アラブ系の運転手が親指で背後の荷台を指しながら聞いた。


「ここのスロープから地下倉庫までこのまま降りられる、そこに先発隊が待ってるから、一旦下ろす、そこから作業用のエレベーターに載せて、汚水槽まで下ろす」


日系のイシカワは場内の見取図を広げながら言った。


「オーケー、このスロープね」


車が地下倉庫の搬入口へ着くと、

先に乗り込んでいた数人が、荷台を開けた。

もう1人が操る小型フォークリフトが、トラックの荷台と作業員エレベーターとを往復し大小様々な寸法の木箱を運びこんだ。

「この量だとエレベーターで三往復か……」

イシカワが腕時計を見ながら呟いた。


地下水槽(した)で全部、組んだとしても、4時には全部終わる」

と、アラブ系の男が、口を挟む。


「完全に撤収するなら、4時じゃ遅いよ」

更に、荷を運んでいる男たちの1人が会話に入ってきた。


「取り敢えず、帰りのことは考えなくていいや、地下階に仮り置きできるスペースが有るから」

イシカワが、そう笑顔で言うと、

作業員は納得した様子で作業へ戻って行った。

イシカワは押し黙り、

その男達の背中を刺すような鋭い眼光を浴びせた。


「4時じゃ、遅いよね~、そりゃ」

アラブ系の男が腹を抱えて笑った。



黒い作業服の男たちが、荷とともに作業用エレベーターで地下階へ下りて行った。

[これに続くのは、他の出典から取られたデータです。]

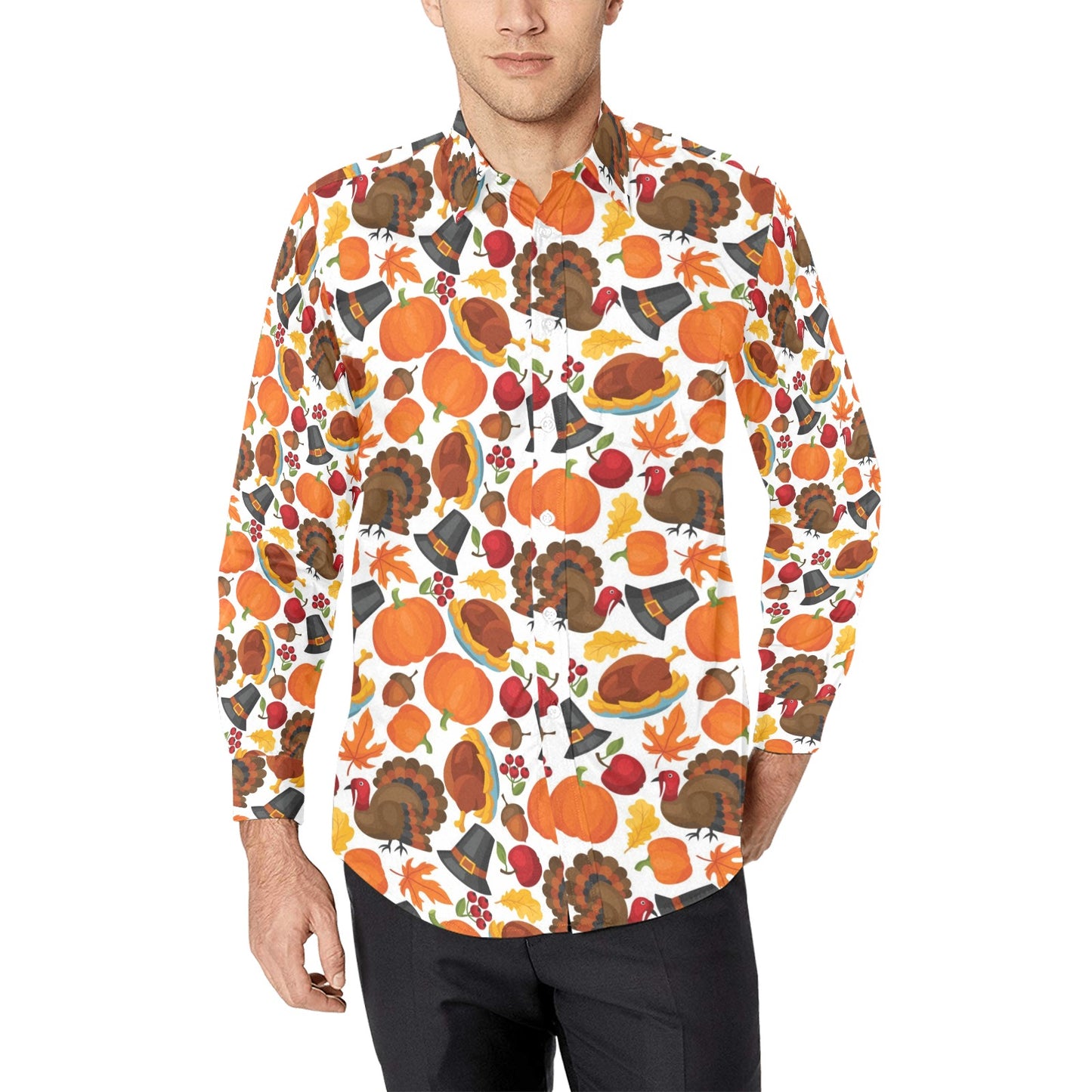 Thanksgiving Print Design LKS304 Men's Long Sleeve Dress Shirt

それを見計らって、イシカワが小声で囁いた。

「ハサン、お前はエレベーターの前に立って、誰か来たら“故障だ”と言え、煩いこと言われたら良い具合に傷めつけてもいいや、面倒だから殺すな」


「うん、わかった……」

アラブ系のハサンは薄ら笑いを浮かべた。「どっちにしても、逃げなきゃ死ぬけど……」


「召喚が終わったら無線で知らせる、お前は誰も待たなくていい……さっさと逃げろ」


「うん、OK」とハサン。



ハサンと別れたイシカワは、

エレベーターで作業員達が作業する地下階へ向かった。


豊洲市場最下層には、汚染された地下水をポンプで汲み上げて浄化するための浄化槽として巨大な貯水池が幾つも設けられていた。

言わば、地下水浄化用の浄水場だ。


イシカワがそこへ着いた頃には、

既に作業員達は、その浄化槽ひとつの周囲を取り囲むように、何やら機械の部品をせっせと組み立ていた。

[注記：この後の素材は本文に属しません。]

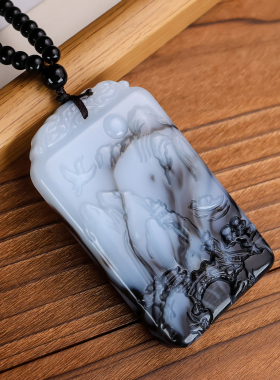 天然和田玉青花玉山水牌手把件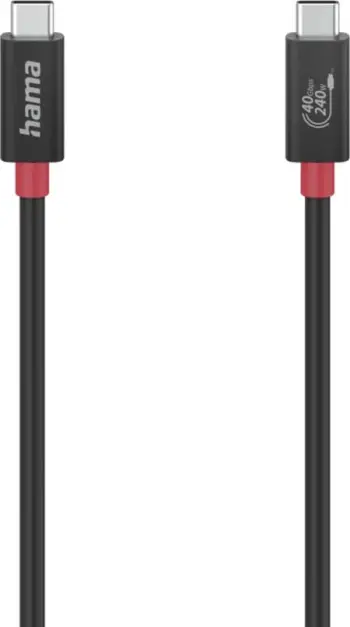 Kabllo USB-C në USB-C, Hama 00200779, 1m, e zezë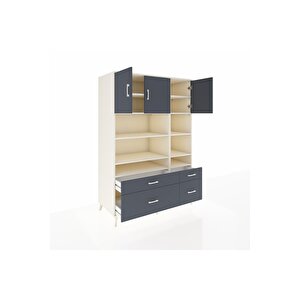Kronos Dolap 10 Raflı 4 Çekmeceli 3 Kapaklı 132x59x195 Aytaşı-antrasit/antrasit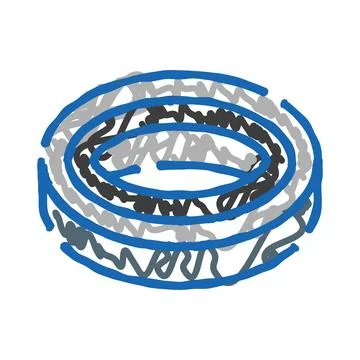 Abstract blue and gray concentric scribble line design 库存插图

イシカワは、浄化槽の縁の足場を音をたてながら歩いて廻った。


「イシカワさん、図面通りの設置だとこうなるんだけども……大丈夫?」

機械を組み上げた1人が、向きを確認した。

「銃口をもっと下げ気味で、水面に近いところで……」

とイシカワ。


「了解、銃口ね」


と1人が鼻で笑うと、作業員たちは次々に口走った。


「本当、カタチがピストルみてぇだもんだ」


「あれさ、ガン◯ムの ビーム砲さ……」


「ちげぇーねぇな」


その会話を静聴していたイシカワはムッとして苦言を呈した


「新型の水質観測装置だから、無駄口叩いてないで、さっさと組み終わってくれないと、次の作業いけないからね」


「はーい」

野太い男たちの声がユニゾンで重なった。


それから、約1時間後、

地下高圧線から引き込まれた分電盤から伸びる4本のキャプタイヤが、

浄化槽を囲んで、対角線状に設置された4基のレーザーキャノン砲(イシカワ曰く観測機)へと繋がれた。

通常の銃であれば、安全装置に相当するあたりに金属製のタンブラスウィッチが設けられていた。


「では、貯水槽の中央部分で、光線が交差するようなイメージで」

と言いながら、イシカワがタンブラスウィッチを“ON”へ入れると、観測機の銃口付近のスコープから赤外線の赤い光線が照射された。


作業員たちは其々の地点の観測機のスウィッチも入れ、赤外線ポインターを照射した。


イシカワは腕時計を見た。

時刻は《0:58am》


「では、予定通り2分後に……観測機を作動させる」

イシカワがそう言うと、


「やっと引き金引くんすよね」

と作業員のひとりが言った。


「予定通りね」

イシカワは念を押した。


観測機4基から発せられた赤外線ポインターは、大型貯水槽の中央で平行に交わっている。


「……では、5秒前、4、3、2、1、照射」

4基に取り憑いたイシカワら4名は、

一斉に引金を引いた。


間も無く各々の銃口から眩いばかりの青白い閃光が発射された。

その閃光は赤外線に沿って平行に貯水槽水面上のある1点で交わって、空間を大きく歪めた。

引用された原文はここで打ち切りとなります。